── Data records

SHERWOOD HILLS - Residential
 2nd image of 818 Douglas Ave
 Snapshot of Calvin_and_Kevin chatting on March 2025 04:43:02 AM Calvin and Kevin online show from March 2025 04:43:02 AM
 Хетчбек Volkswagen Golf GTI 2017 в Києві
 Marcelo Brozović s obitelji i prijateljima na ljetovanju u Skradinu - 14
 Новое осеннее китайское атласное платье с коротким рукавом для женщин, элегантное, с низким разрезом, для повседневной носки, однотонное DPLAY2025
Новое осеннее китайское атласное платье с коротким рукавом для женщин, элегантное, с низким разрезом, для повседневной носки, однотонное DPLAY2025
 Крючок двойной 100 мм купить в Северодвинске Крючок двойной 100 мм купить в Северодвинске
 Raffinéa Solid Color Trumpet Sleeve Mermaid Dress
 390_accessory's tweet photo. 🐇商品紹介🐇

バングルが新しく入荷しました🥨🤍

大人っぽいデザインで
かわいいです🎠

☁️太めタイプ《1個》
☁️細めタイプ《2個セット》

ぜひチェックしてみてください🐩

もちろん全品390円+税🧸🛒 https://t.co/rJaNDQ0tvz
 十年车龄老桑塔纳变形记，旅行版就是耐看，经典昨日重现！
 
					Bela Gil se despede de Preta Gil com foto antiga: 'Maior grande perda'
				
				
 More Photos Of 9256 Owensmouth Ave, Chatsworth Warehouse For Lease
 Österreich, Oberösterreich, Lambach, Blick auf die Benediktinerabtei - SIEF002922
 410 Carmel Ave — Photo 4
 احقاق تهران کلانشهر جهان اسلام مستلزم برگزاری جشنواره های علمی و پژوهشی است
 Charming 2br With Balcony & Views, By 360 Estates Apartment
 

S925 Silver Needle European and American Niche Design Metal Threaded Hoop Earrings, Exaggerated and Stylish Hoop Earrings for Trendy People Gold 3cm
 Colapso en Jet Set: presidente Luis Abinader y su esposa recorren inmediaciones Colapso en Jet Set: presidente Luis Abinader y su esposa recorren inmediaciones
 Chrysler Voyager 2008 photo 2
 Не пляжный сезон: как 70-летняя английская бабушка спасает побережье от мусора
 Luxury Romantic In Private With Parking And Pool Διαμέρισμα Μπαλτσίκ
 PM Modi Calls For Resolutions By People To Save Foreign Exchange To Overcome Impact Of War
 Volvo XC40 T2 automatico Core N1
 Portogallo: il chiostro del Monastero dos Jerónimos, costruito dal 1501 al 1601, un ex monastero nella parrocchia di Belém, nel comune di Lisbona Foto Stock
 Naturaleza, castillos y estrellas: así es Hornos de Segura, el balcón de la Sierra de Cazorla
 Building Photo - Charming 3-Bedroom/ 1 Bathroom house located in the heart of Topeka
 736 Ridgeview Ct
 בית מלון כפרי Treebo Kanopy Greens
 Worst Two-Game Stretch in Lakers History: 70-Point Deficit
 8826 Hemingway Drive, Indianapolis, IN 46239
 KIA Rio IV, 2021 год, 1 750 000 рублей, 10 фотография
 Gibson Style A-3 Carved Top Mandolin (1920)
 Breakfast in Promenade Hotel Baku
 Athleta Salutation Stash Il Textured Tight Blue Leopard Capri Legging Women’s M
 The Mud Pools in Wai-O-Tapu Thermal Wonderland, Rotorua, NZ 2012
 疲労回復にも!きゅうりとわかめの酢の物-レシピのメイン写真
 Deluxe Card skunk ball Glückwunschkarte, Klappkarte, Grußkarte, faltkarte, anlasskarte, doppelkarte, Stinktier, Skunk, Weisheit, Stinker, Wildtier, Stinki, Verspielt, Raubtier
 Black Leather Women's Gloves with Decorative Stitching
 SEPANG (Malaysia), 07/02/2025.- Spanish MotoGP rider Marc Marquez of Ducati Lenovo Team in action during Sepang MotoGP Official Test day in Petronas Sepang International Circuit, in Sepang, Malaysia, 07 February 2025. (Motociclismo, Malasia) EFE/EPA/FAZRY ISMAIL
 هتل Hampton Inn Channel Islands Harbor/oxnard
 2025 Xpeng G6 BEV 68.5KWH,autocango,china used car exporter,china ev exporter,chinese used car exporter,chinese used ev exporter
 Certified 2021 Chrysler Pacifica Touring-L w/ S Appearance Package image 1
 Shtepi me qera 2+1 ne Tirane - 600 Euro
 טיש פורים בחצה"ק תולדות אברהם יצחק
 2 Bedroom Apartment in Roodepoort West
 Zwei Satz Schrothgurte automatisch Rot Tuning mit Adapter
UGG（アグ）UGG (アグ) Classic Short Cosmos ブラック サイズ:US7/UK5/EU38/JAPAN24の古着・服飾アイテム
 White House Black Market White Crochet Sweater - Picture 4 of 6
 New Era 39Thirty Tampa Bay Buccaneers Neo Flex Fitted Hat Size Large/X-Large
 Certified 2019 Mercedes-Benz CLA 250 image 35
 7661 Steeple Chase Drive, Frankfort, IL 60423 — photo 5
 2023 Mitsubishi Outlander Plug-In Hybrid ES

────

After the last line, print all the entries once again, unchanged.

SHERWOOD HILLS - Residential
 2nd image of 818 Douglas Ave
 Snapshot of Calvin_and_Kevin chatting on March 2025 04:43:02 AM Calvin and Kevin online show from March 2025 04:43:02 AM
 Хетчбек Volkswagen Golf GTI 2017 в Києві
 Marcelo Brozović s obitelji i prijateljima na ljetovanju u Skradinu - 14
 Новое осеннее китайское атласное платье с коротким рукавом для женщин, элегантное, с низким разрезом, для повседневной носки, однотонное DPLAY2025
Новое осеннее китайское атласное платье с коротким рукавом для женщин, элегантное, с низким разрезом, для повседневной носки, однотонное DPLAY2025
 Крючок двойной 100 мм купить в Северодвинске Крючок двойной 100 мм купить в Северодвинске
 Raffinéa Solid Color Trumpet Sleeve Mermaid Dress
 390_accessory's tweet photo. 🐇商品紹介🐇

バングルが新しく入荷しました🥨🤍

大人っぽいデザインで
かわいいです🎠

☁️太めタイプ《1個》
☁️細めタイプ《2個セット》

ぜひチェックしてみてください🐩

もちろん全品390円+税🧸🛒 https://t.co/rJaNDQ0tvz
 十年车龄老桑塔纳变形记，旅行版就是耐看，经典昨日重现！
 
					Bela Gil se despede de Preta Gil com foto antiga: 'Maior grande perda'
				
				
 More Photos Of 9256 Owensmouth Ave, Chatsworth Warehouse For Lease
 Österreich, Oberösterreich, Lambach, Blick auf die Benediktinerabtei - SIEF002922
 410 Carmel Ave — Photo 4
 احقاق تهران کلانشهر جهان اسلام مستلزم برگزاری جشنواره های علمی و پژوهشی است
 Charming 2br With Balcony & Views, By 360 Estates Apartment
 

S925 Silver Needle European and American Niche Design Metal Threaded Hoop Earrings, Exaggerated and Stylish Hoop Earrings for Trendy People Gold 3cm
 Colapso en Jet Set: presidente Luis Abinader y su esposa recorren inmediaciones Colapso en Jet Set: presidente Luis Abinader y su esposa recorren inmediaciones
 Chrysler Voyager 2008 photo 2
 Не пляжный сезон: как 70-летняя английская бабушка спасает побережье от мусора
 Luxury Romantic In Private With Parking And Pool Διαμέρισμα Μπαλτσίκ
 PM Modi Calls For Resolutions By People To Save Foreign Exchange To Overcome Impact Of War
 Volvo XC40 T2 automatico Core N1
 Portogallo: il chiostro del Monastero dos Jerónimos, costruito dal 1501 al 1601, un ex monastero nella parrocchia di Belém, nel comune di Lisbona Foto Stock
 Naturaleza, castillos y estrellas: así es Hornos de Segura, el balcón de la Sierra de Cazorla
 Building Photo - Charming 3-Bedroom/ 1 Bathroom house located in the heart of Topeka
 736 Ridgeview Ct
 בית מלון כפרי Treebo Kanopy Greens
 Worst Two-Game Stretch in Lakers History: 70-Point Deficit
 8826 Hemingway Drive, Indianapolis, IN 46239
 KIA Rio IV, 2021 год, 1 750 000 рублей, 10 фотография
 Gibson Style A-3 Carved Top Mandolin (1920)
 Breakfast in Promenade Hotel Baku
 Athleta Salutation Stash Il Textured Tight Blue Leopard Capri Legging Women’s M
 The Mud Pools in Wai-O-Tapu Thermal Wonderland, Rotorua, NZ 2012
 疲労回復にも!きゅうりとわかめの酢の物-レシピのメイン写真
 Deluxe Card skunk ball Glückwunschkarte, Klappkarte, Grußkarte, faltkarte, anlasskarte, doppelkarte, Stinktier, Skunk, Weisheit, Stinker, Wildtier, Stinki, Verspielt, Raubtier
 Black Leather Women's Gloves with Decorative Stitching
 SEPANG (Malaysia), 07/02/2025.- Spanish MotoGP rider Marc Marquez of Ducati Lenovo Team in action during Sepang MotoGP Official Test day in Petronas Sepang International Circuit, in Sepang, Malaysia, 07 February 2025. (Motociclismo, Malasia) EFE/EPA/FAZRY ISMAIL
 هتل Hampton Inn Channel Islands Harbor/oxnard
 2025 Xpeng G6 BEV 68.5KWH,autocango,china used car exporter,china ev exporter,chinese used car exporter,chinese used ev exporter
 Certified 2021 Chrysler Pacifica Touring-L w/ S Appearance Package image 1
 Shtepi me qera 2+1 ne Tirane - 600 Euro
 טיש פורים בחצה"ק תולדות אברהם יצחק
 2 Bedroom Apartment in Roodepoort West
 Zwei Satz Schrothgurte automatisch Rot Tuning mit Adapter
UGG（アグ）UGG (アグ) Classic Short Cosmos ブラック サイズ:US7/UK5/EU38/JAPAN24の古着・服飾アイテム
 White House Black Market White Crochet Sweater - Picture 4 of 6
 New Era 39Thirty Tampa Bay Buccaneers Neo Flex Fitted Hat Size Large/X-Large
 Certified 2019 Mercedes-Benz CLA 250 image 35
 7661 Steeple Chase Drive, Frankfort, IL 60423 — photo 5
 2023 Mitsubishi Outlander Plug-In Hybrid ES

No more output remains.